— WHAT YOU NEED TO DO —
Copy the records below exactly, omitting any pictures they contain.
*** Opening RECORDS SHOWN ***
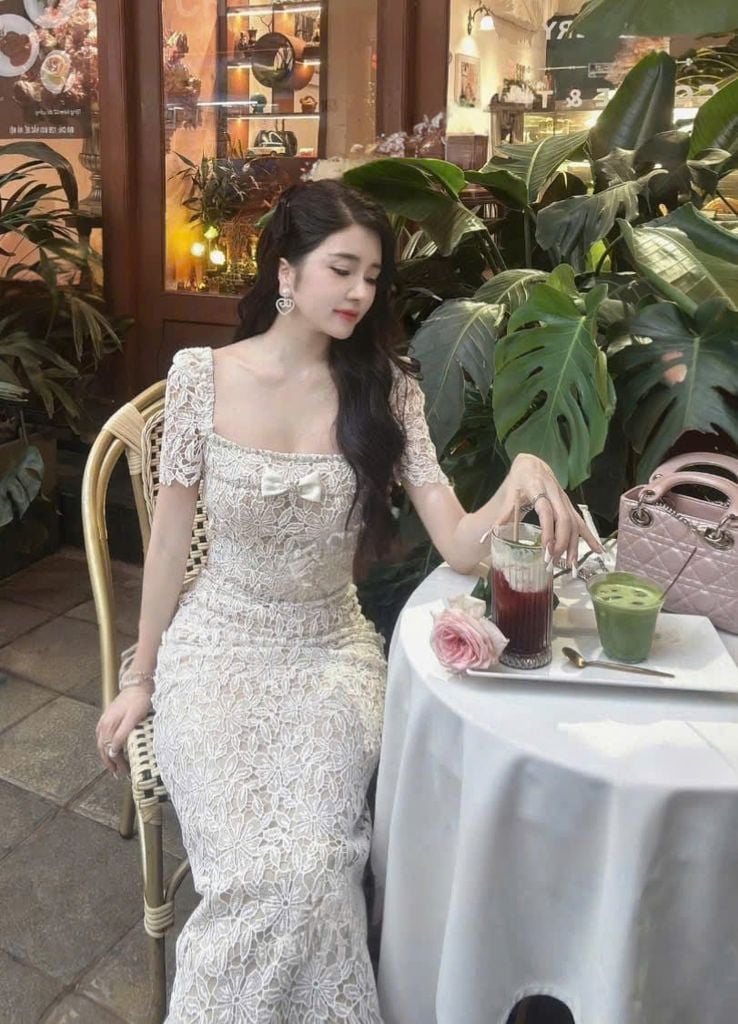 VGU1404 - ĐẦM BODY FULL REN BE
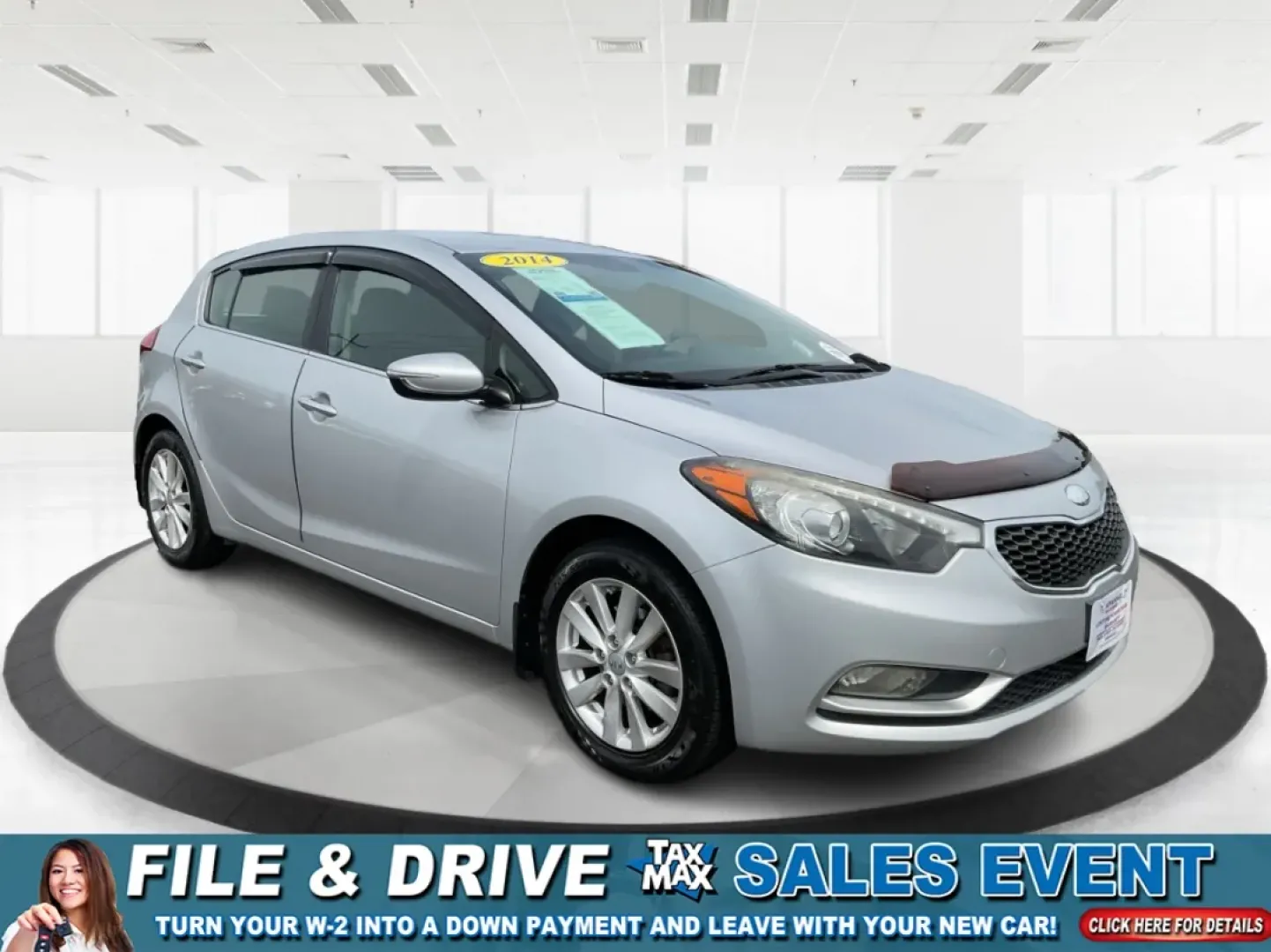 2014 Kia Forte EX (KNAFX5A88E5) with an 2L I-4 gasoline direct injection engine, 6-Speed Automatic transmission, located at 401 Woodman Dr, Riverside, OH, 45431, (937) 908-9800, 39.760899, -84.123421 - **Discover Your Next Adventure with the 2014 Kia Forte EX at Advantage Car and Credit!**<br /> <br /> Are you ready to elevate your daily commute or embark on weekend adventures? The 2014 Kia Forte EX is the perfect companion, whether you're navigating the bustling streets of Fairborn, OH, or hittin - Photo#0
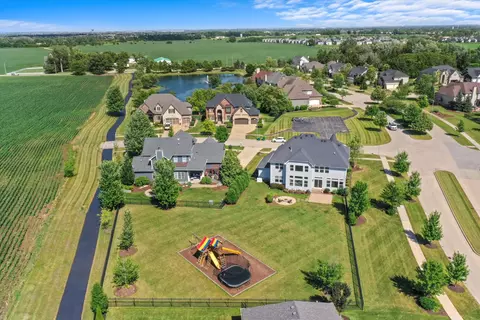 View/Area - 12154 S Sinclair Dr, Plainfield, IL 60585 photo 3 of 4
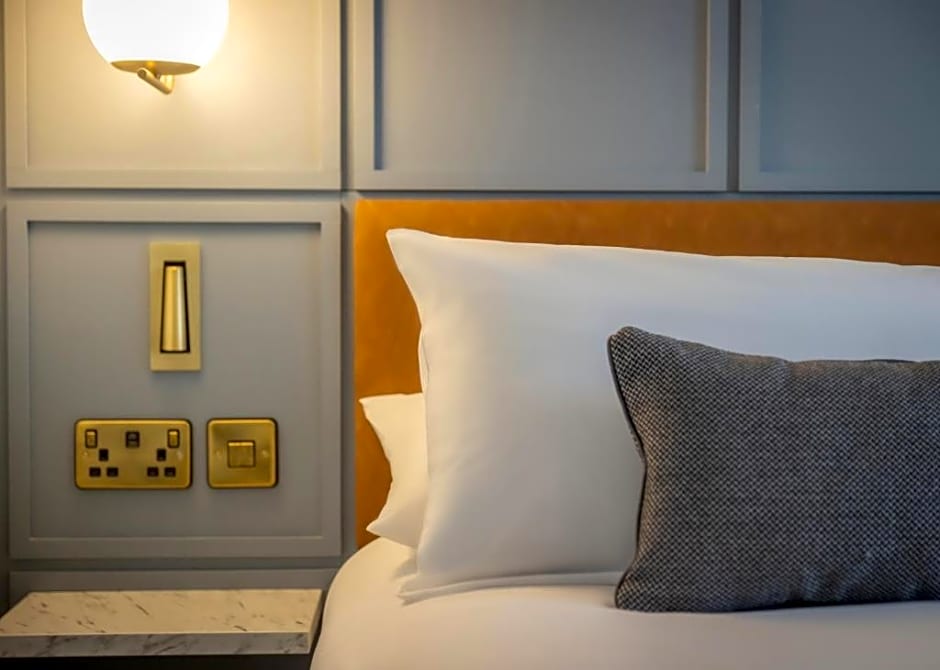 Leonardo Hotel Galway - Formerly Jurys Inn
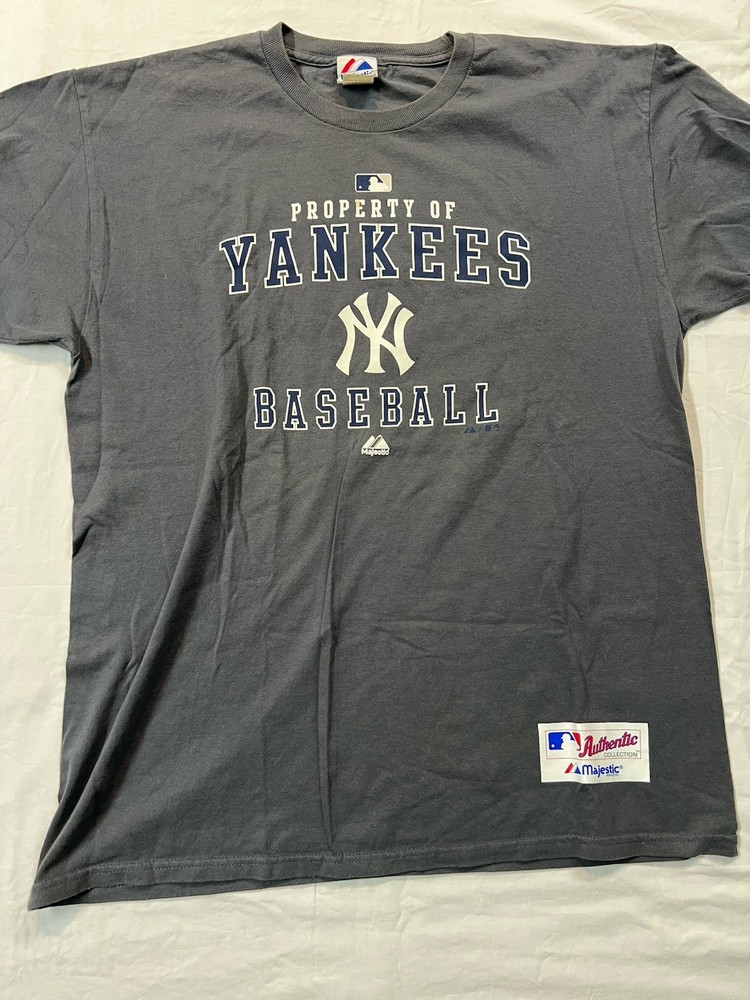 Majestic New York Yankees Baseball Gray Graphic T Shirt Men’s Large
*** Closing RECORDS SHOWN ***
— ANSWER —
 VGU1404 - ĐẦM BODY FULL REN BE
 2014 Kia Forte EX (KNAFX5A88E5) with an 2L I-4 gasoline direct injection engine, 6-Speed Automatic transmission, located at 401 Woodman Dr, Riverside, OH, 45431, (937) 908-9800, 39.760899, -84.123421 - **Discover Your Next Adventure with the 2014 Kia Forte EX at Advantage Car and Credit!**<br /> <br /> Are you ready to elevate your daily commute or embark on weekend adventures? The 2014 Kia Forte EX is the perfect companion, whether you're navigating the bustling streets of Fairborn, OH, or hittin - Photo#0
 View/Area - 12154 S Sinclair Dr, Plainfield, IL 60585 photo 3 of 4
 Leonardo Hotel Galway - Formerly Jurys Inn
 Majestic New York Yankees Baseball Gray Graphic T Shirt Men’s Large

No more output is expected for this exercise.